Time to discuss averting 'Lost Decade'
Korea’s economic debaters are stuck in armchair daydreaming. Presidential candidates raise their decibel level on so-called democratization of the economy ― euphemism for taming the chaebol. They underestimate the seriousness of the looming global economic trouble, which will surely affect the Korean economy.
Signs are emerging that a lasting slowdown in the global economy has begun ― the current troubles are unlikely to end anytime soon. U.S. President Barack Obama has cited the “Lost Decade” as a prospect the American economy faces. The EU is more troublesome than the U.S., though pessimists predict that both will enter a Japanese-style deflationary phase.
Many Koreans are reluctant to believe that Korea could also enter a Lost Decade, more because of problems in the global economy than because of mismanagement by the government.
Ominous parallels between the economies of Korea and Japan can be drawn. Japan’s Great Recession began two decades ago following the nosedive of asset values, including property and stocks. Korea’s real estate market is so anemic and shaky that warnings loom of a bubble that may burst soon.
Housing prices are 30 percent below their peak. Golf membership prices are now half of their peak, pushing courses to the brink of bankruptcy. Even at these discounted prices, few are willing to buy. However, property prices are still high by global standards.
As Japan is aging fast, so too is Korea. Tokyo’s manufacturing stagnancy is mostly attributable to a lack of young workers. Korea also sees the early signs of a manufacturing downturn. Its share in the economy is falling at a noticeable pace. Korea must import workers as young Koreans are reluctant to do the so-called dirty, dangerous and difficult jobs. A massive retirement of the Baby Boom Generation ― about 7.2 million persons born between 1953-1963 ― will further sap manufacturing vitality.
Past data show that what happens in the Japanese economy, takes place in Korea two decades later. The time-lag of two decades lends credence to the prospect for an additional fall in Korea’s property prices.
Koreans have parked nearly 80 percent of their wealth in real estate. At this stage, the U.S.- style housing market trouble is unlikely here as banks set a ceiling on money homeowners can borrow in accordance with income and housing value.

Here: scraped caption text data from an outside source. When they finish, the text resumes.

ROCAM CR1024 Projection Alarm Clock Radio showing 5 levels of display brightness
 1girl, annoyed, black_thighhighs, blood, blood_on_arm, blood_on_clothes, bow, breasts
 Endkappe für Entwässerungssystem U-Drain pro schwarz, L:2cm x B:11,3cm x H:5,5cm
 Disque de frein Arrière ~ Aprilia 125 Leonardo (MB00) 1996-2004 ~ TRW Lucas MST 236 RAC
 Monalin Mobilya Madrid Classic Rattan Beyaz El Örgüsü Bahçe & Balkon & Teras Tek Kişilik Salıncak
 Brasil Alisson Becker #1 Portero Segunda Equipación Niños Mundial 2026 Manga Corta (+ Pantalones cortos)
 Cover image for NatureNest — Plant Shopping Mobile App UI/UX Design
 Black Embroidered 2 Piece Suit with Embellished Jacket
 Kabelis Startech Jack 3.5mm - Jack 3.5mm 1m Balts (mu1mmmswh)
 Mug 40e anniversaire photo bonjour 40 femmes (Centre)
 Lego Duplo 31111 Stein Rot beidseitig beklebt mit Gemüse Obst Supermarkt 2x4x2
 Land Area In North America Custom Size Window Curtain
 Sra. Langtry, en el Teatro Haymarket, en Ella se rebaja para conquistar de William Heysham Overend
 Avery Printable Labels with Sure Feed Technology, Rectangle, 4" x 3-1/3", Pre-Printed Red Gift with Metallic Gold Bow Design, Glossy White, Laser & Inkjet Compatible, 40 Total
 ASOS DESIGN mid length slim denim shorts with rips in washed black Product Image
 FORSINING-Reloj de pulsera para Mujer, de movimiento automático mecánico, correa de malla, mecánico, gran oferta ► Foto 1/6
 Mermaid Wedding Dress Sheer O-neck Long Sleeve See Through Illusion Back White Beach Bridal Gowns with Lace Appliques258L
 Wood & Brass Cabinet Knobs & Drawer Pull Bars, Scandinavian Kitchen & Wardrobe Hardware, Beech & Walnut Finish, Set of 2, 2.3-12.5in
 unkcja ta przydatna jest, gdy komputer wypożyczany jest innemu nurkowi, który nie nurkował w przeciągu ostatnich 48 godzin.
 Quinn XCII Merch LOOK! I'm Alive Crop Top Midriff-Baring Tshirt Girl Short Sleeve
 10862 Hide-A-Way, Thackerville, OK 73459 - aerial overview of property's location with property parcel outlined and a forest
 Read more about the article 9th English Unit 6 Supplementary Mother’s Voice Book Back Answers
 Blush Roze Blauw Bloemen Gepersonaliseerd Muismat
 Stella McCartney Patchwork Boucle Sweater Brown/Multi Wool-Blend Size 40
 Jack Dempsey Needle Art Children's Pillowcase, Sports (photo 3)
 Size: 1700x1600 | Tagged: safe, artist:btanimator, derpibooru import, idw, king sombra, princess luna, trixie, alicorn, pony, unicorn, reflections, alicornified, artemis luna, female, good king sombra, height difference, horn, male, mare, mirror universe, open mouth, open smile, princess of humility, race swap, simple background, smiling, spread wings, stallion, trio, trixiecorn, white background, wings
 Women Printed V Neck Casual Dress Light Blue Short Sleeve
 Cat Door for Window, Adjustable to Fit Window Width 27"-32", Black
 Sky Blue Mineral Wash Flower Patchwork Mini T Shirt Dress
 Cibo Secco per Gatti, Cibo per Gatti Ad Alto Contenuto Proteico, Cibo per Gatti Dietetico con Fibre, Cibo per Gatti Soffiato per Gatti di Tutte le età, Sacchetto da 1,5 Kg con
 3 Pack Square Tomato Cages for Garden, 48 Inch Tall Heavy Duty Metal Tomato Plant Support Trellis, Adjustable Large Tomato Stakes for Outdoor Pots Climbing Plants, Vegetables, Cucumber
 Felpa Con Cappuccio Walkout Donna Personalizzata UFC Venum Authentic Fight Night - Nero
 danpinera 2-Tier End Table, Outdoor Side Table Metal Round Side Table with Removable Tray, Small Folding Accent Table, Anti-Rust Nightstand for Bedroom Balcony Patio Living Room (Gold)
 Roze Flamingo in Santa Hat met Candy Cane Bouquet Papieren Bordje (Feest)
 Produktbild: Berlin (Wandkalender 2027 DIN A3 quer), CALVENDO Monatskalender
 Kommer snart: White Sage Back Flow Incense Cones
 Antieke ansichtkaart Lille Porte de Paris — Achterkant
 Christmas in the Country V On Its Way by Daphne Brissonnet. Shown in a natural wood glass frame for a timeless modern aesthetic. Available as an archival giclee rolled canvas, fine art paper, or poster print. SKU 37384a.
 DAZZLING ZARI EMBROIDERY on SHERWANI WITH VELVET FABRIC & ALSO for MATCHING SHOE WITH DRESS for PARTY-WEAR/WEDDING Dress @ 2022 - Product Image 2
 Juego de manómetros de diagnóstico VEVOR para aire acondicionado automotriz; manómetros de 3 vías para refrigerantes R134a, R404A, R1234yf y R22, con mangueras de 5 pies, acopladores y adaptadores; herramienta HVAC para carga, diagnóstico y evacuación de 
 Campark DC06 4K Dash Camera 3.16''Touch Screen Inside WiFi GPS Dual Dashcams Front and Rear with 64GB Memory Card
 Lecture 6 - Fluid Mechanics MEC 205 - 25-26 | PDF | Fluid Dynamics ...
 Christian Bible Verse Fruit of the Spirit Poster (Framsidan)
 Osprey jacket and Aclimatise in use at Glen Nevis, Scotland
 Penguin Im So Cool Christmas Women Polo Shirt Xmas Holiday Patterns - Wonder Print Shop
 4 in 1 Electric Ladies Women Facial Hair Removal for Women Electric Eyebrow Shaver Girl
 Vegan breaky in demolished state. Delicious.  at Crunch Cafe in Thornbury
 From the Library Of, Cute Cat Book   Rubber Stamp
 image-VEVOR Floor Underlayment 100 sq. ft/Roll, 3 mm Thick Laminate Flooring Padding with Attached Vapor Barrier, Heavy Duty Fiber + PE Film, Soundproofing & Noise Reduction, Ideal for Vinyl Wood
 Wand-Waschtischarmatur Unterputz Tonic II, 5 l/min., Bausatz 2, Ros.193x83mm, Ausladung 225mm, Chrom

A bursting of the bubble, however, will trigger a chain reaction ― the massive bankruptcy of homeowners, a further depression of consumption, a downturn in stock prices, investment reduction and additional economic contraction. The current economic woes are structural, not cyclical, as the potential growth rate, the optimal growth rate not entailing inflationary pressure, has fallen year by year. Korea’s economy no longer outperforms the global economy.
The dilemma is a lack of viable tools for engineering a soft landing of the property market. The central bank has trimmed rates to ease the burden of homeowners. Scrapping the current debt ceiling will be poisonous although it may curb additional falls in housing prices. A viable solution is to create more jobs so that homeowners can manage to pay interest due on their loans.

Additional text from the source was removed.